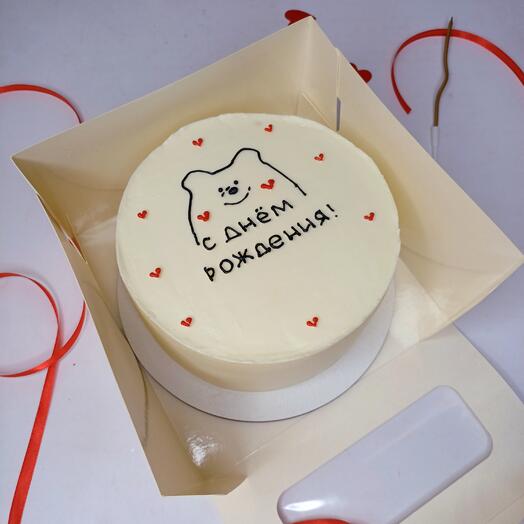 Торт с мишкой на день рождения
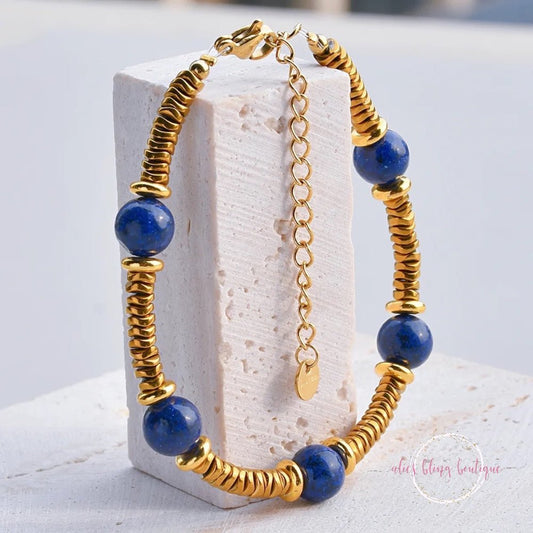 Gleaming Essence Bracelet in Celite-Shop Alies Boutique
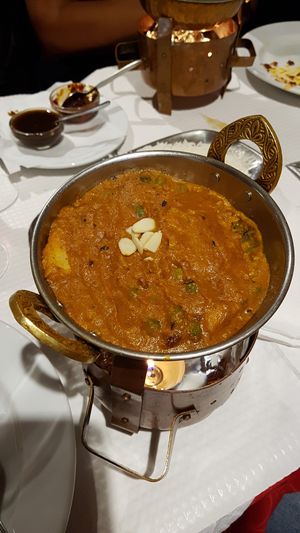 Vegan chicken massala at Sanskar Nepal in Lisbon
_ _ _ _
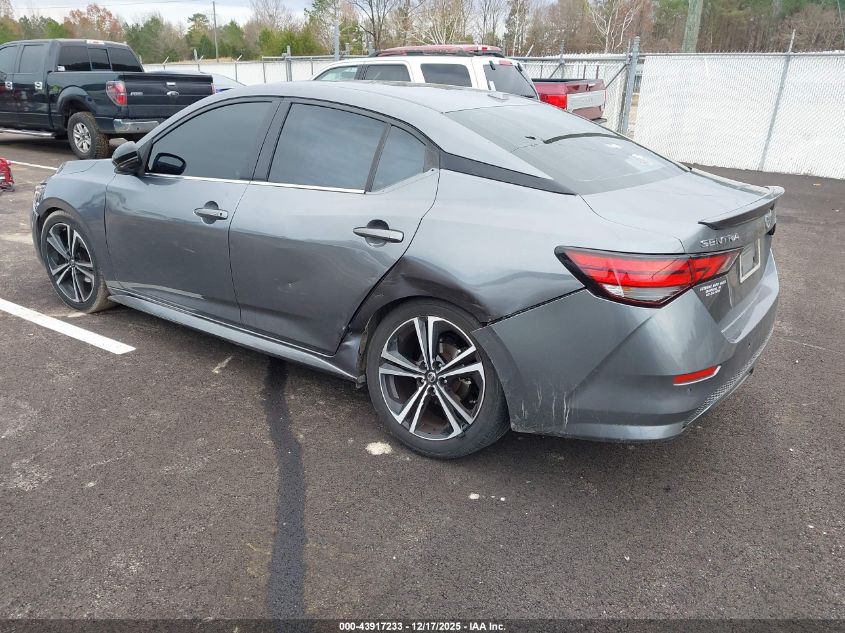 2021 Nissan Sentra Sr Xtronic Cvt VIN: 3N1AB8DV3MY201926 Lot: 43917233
_ _ _ _
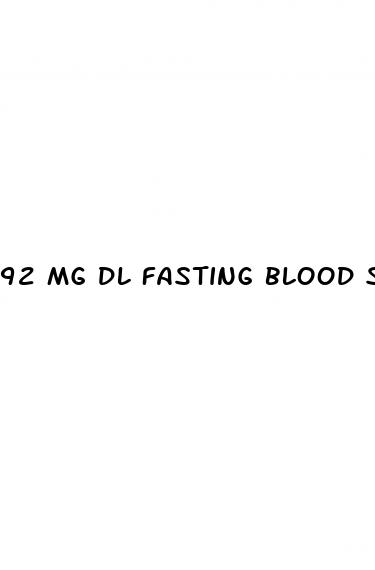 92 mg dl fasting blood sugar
_ _ _ _
■ EXERCISE DETAILS: Above are some entries; copy exactly the lines from the line with "Торт с мишкой на день рождения" through the line with "Vegan chicken massala", both included, but none of the pictures.

■ ANSWER AREA:
 Торт с мишкой на день рождения
 Gleaming Essence Bracelet in Celite-Shop Alies Boutique
 Vegan chicken massala at Sanskar Nepal in Lisbon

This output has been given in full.